In late July Microsoft published IE 7 beta 1. But what? It's not public! Now it's time to scream! Really, reading the IE team blog's post with all its comments is… enlightening. I'm a bit surprised we've got to the point where people start whining when a beta isn't public – it's not like public betas had been the standard operating procedure all along anyway. Of course, open source projects have a different concept of beta releases, but why should it be so for commercial applications?
A public beta is making your users test the software for you. This is something people loathed at a time, saying that software houses should do the testing stuff themselves. Of course, a beta is also a chance to see a preview and get ready for new technology, but still – early betas rarely always provide truly useful insight into the interesting new things. It's mostly about testing and reporting bugs, really.
Contrary to what one might initially think, getting as many bug reports as possible is not beneficial for the quality of the product. Getting as many bugs reported as possible is what you want. Although more testers provide more feedback and thus more useful findings, the signal/noise ratio drops dramatically as the number of eager testers rises. Remember some of the Mozilla suite's releases when bugzilla.mozilla.org was flooded with duplicate/invalid bug reports?
Now, if Microsoft has the testing department that's sufficient for the product's current phase AND they know IE7 is unfinished enough not to be ready for everyday use, why should they release a public beta that's bound to get them kazillion bug reports on issues they already know about?

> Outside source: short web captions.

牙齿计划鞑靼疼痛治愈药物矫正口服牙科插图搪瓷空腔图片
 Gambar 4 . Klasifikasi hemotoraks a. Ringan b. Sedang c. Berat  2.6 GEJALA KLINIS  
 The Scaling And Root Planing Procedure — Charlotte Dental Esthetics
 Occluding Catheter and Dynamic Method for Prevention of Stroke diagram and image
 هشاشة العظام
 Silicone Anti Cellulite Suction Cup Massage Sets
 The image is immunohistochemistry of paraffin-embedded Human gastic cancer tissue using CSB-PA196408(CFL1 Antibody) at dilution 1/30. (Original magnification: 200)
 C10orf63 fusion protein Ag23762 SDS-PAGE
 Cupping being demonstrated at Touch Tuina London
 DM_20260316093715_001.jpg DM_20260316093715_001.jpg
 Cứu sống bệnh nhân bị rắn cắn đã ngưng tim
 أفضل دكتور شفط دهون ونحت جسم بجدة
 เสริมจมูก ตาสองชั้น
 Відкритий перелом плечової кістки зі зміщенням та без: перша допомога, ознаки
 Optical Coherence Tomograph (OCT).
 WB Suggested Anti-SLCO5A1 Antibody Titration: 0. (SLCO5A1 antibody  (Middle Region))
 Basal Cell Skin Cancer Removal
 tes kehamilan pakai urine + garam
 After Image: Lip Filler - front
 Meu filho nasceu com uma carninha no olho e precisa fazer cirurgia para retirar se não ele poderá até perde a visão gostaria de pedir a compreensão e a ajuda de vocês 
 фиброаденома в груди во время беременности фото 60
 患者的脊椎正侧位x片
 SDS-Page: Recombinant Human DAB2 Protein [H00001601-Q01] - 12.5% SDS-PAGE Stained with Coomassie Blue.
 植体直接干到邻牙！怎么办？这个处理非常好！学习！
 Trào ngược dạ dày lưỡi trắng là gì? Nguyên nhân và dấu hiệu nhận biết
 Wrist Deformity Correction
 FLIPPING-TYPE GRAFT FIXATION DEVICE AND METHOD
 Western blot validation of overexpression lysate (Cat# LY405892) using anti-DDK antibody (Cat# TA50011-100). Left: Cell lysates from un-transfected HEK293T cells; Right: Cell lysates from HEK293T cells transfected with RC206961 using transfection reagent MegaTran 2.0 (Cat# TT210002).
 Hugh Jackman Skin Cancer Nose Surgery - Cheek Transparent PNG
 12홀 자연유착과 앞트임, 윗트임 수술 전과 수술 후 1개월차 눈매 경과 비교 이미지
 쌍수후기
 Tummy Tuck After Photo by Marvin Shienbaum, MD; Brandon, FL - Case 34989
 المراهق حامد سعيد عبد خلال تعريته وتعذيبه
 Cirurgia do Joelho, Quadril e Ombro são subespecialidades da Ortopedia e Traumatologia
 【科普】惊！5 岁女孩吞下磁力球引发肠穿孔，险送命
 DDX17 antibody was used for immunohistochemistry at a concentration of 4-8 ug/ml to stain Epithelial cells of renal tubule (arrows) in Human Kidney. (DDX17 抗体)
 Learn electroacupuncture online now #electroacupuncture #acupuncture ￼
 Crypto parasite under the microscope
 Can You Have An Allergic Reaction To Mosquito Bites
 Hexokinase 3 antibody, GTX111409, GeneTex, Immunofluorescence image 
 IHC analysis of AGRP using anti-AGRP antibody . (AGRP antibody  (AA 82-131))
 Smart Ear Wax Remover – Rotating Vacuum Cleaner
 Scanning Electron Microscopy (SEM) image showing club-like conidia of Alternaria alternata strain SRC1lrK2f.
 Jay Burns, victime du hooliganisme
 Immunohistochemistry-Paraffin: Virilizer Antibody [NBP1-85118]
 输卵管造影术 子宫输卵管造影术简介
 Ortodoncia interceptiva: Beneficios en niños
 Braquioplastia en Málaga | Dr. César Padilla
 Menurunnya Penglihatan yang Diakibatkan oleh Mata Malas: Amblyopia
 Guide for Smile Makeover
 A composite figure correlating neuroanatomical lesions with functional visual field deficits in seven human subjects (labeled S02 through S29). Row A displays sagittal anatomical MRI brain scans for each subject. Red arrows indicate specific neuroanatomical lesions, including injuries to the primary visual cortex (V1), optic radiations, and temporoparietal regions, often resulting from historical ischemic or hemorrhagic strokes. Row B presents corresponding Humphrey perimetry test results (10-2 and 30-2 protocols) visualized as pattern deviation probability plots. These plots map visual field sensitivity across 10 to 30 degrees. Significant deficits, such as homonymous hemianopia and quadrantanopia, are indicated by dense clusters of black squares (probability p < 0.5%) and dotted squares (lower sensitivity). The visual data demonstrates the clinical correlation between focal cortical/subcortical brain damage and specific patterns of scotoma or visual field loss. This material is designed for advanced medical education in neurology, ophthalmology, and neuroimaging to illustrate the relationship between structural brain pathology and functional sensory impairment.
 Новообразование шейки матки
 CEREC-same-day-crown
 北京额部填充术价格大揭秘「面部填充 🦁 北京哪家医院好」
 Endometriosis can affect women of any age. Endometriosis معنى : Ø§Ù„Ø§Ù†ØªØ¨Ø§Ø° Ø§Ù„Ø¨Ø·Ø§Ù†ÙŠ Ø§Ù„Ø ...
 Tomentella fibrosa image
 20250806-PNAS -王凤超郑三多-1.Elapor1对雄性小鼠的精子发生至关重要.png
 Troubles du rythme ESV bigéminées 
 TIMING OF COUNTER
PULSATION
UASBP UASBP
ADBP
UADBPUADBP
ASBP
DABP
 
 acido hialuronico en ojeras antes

Looking at the various reports people have written on IE7, I'm inclined to believe this wouldn't have been the phase for a public beta. But as a more general phenomenon: Microsoft's first betas have often been rather shoddy tech previews. Beta 2s, on the other hand, have often represented nigh-production quality. It'll certainly be interesting to see both IE7B2's quality and release model. At least a lot of promises have already been made.
There are several roads to quality software, and not all of them involve slipping out pre-production software to everybody who happens to want it. Different resources and methodologies give room for different approaches. At the end, judgement by final product is the only fair way.